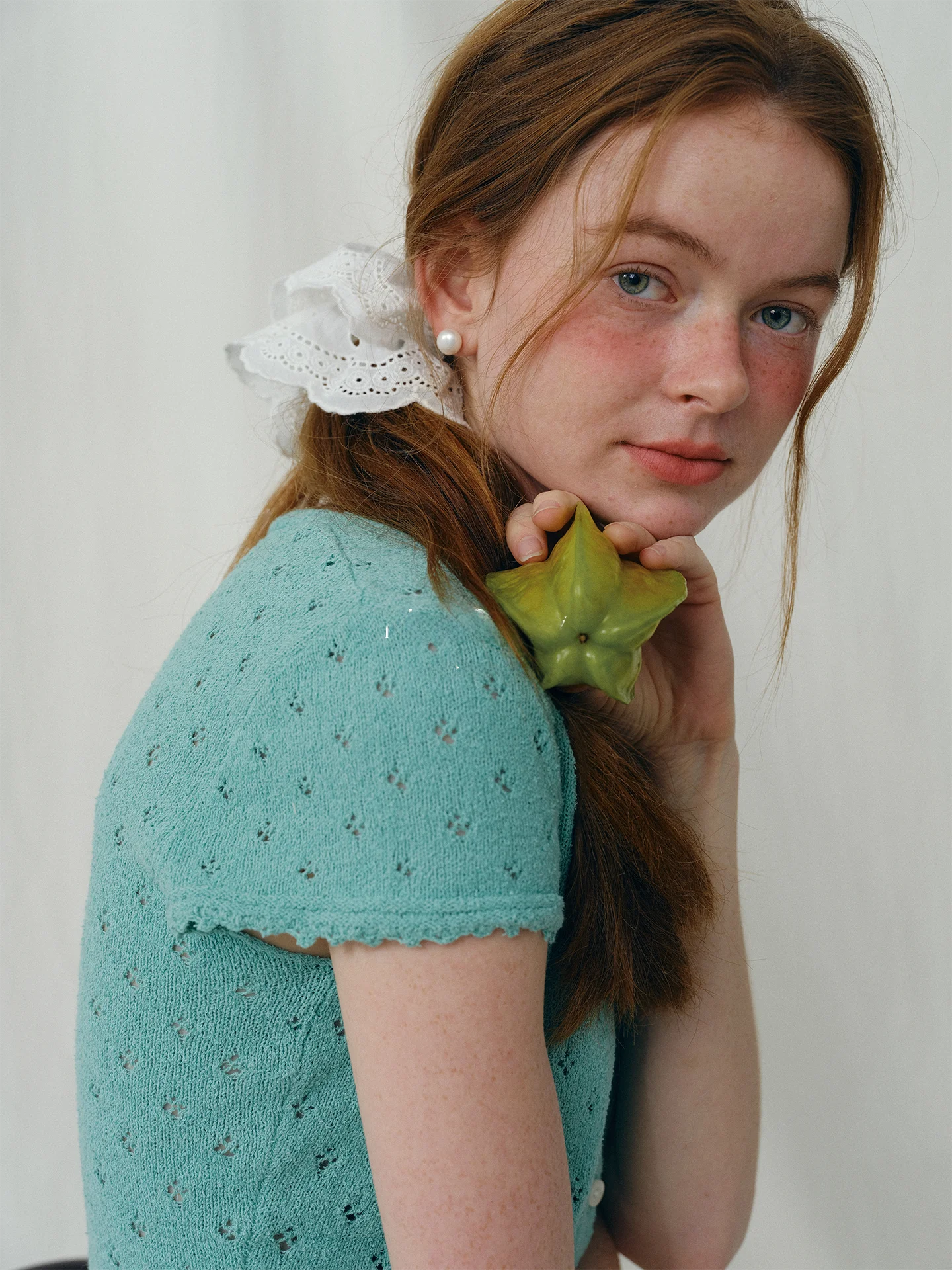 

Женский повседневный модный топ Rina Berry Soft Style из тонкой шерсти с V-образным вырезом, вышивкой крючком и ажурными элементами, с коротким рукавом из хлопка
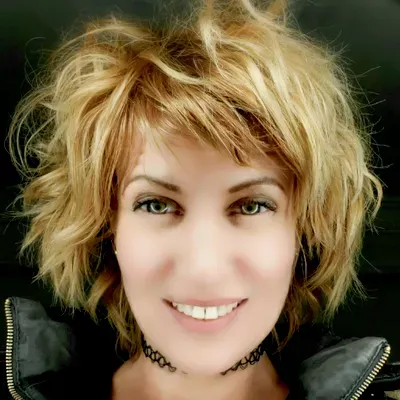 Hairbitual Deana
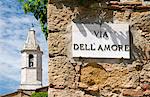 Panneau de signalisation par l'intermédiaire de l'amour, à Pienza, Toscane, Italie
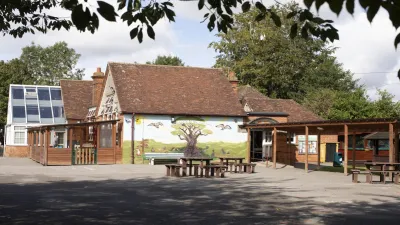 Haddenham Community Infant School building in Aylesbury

^^^^

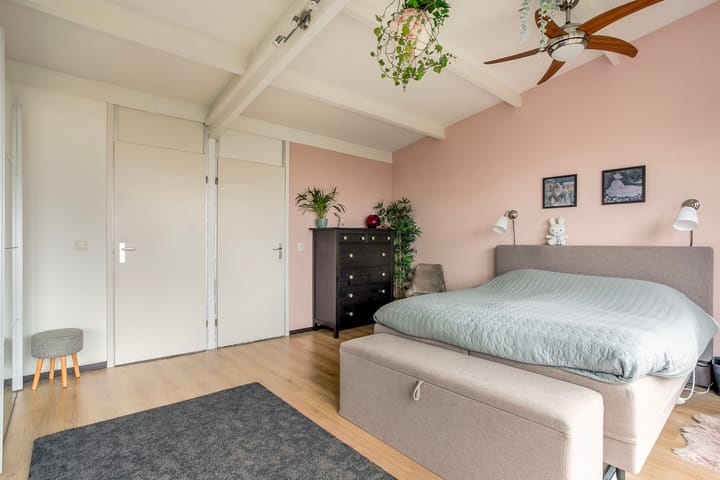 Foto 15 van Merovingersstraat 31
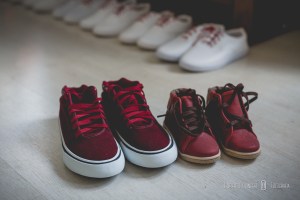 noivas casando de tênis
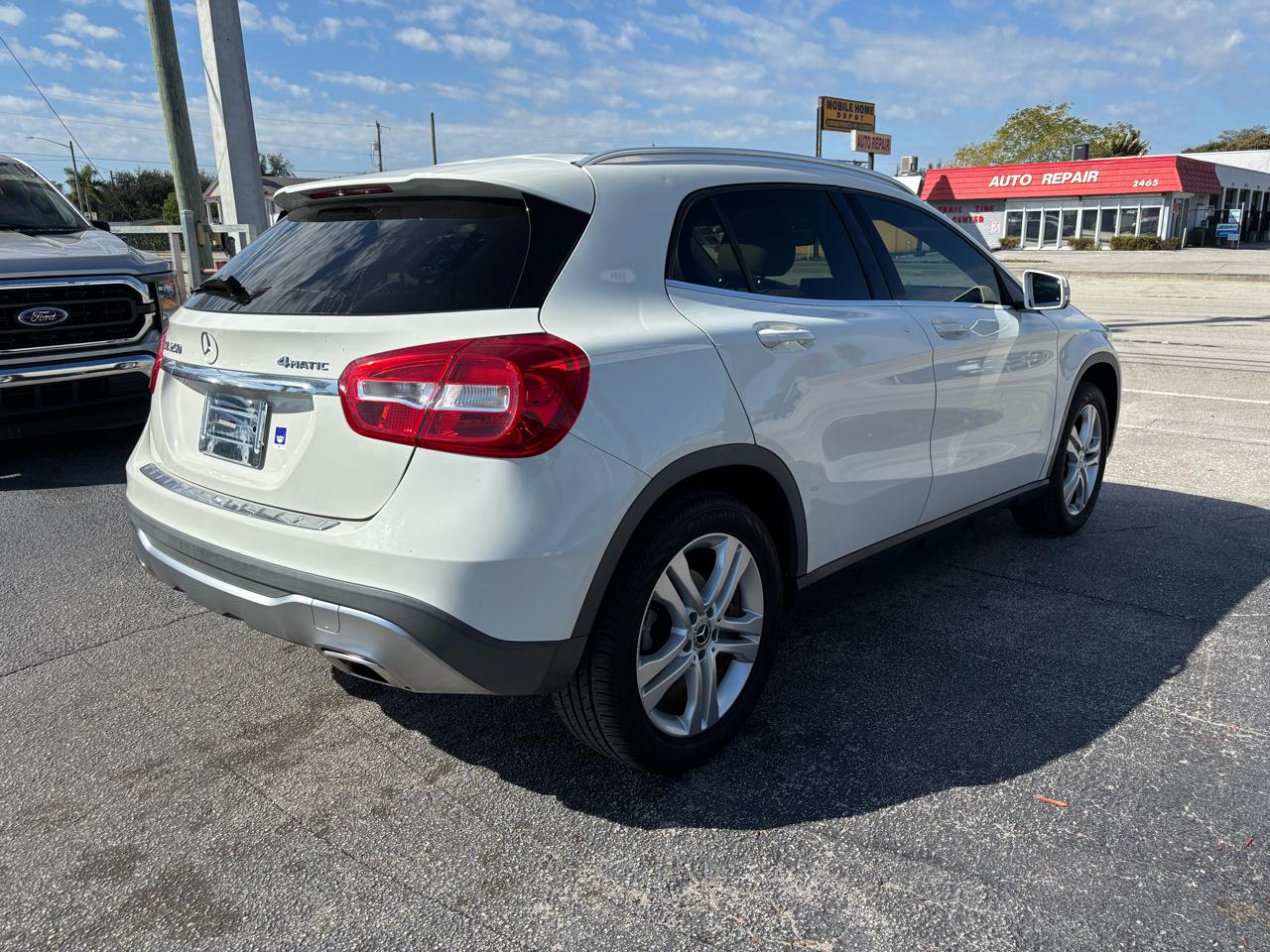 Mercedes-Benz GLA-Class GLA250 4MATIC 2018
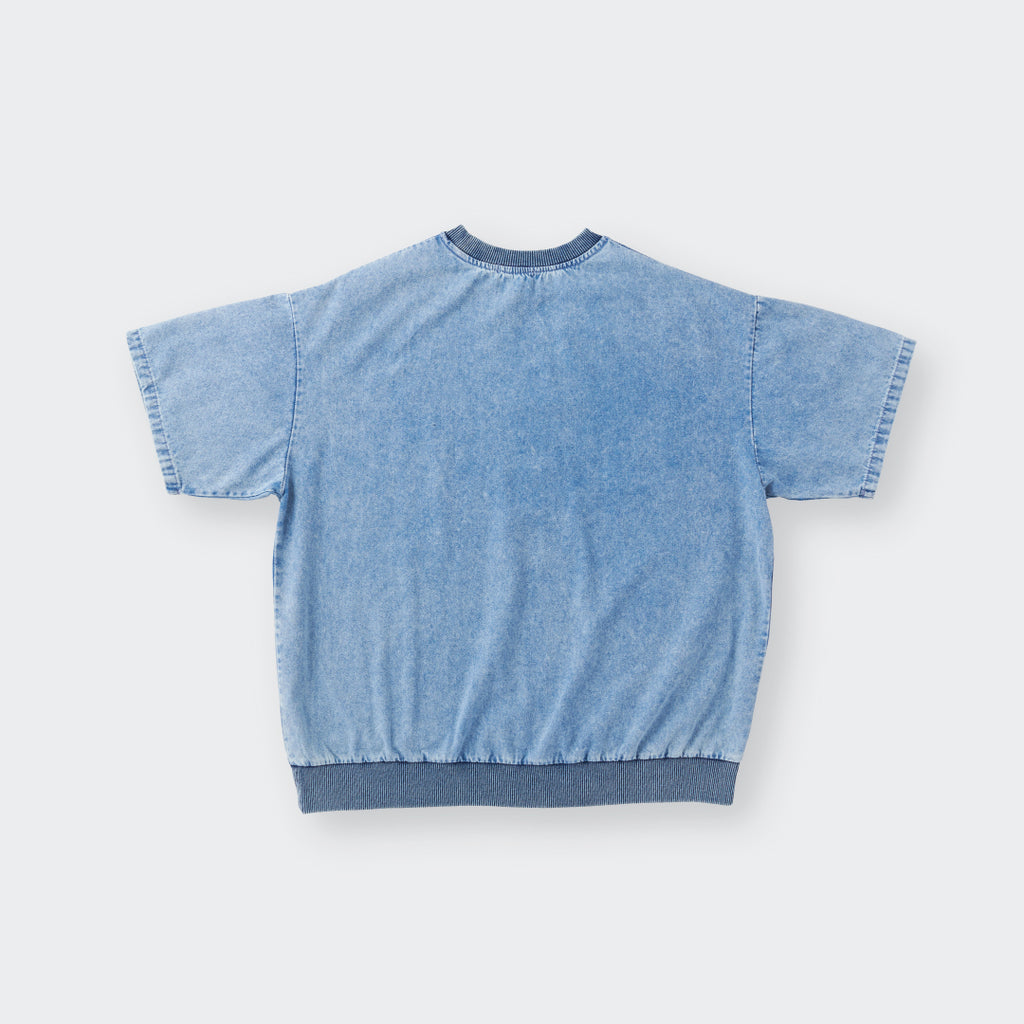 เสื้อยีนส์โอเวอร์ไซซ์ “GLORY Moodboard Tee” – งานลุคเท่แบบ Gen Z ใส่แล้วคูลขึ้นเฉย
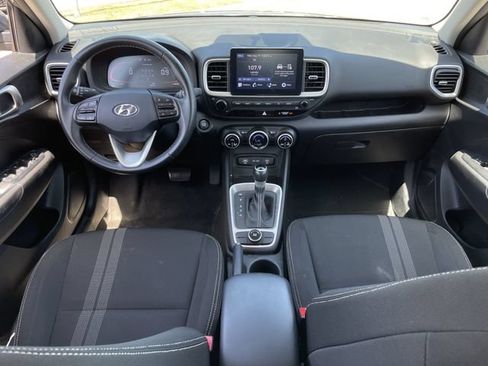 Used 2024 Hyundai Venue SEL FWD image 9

^^^^

* **Problem to work on**
In the listing above, find the line with "Gen Z ใส่แล้วคูลขึ้นเฉย" and output every line through the one with "Used 2024 Hyundai Venue SEL FWD image 9", exactly, without the pictures.

* **Response box**
 เสื้อยีนส์โอเวอร์ไซซ์ “GLORY Moodboard Tee” – งานลุคเท่แบบ Gen Z ใส่แล้วคูลขึ้นเฉย
 Used 2024 Hyundai Venue SEL FWD image 9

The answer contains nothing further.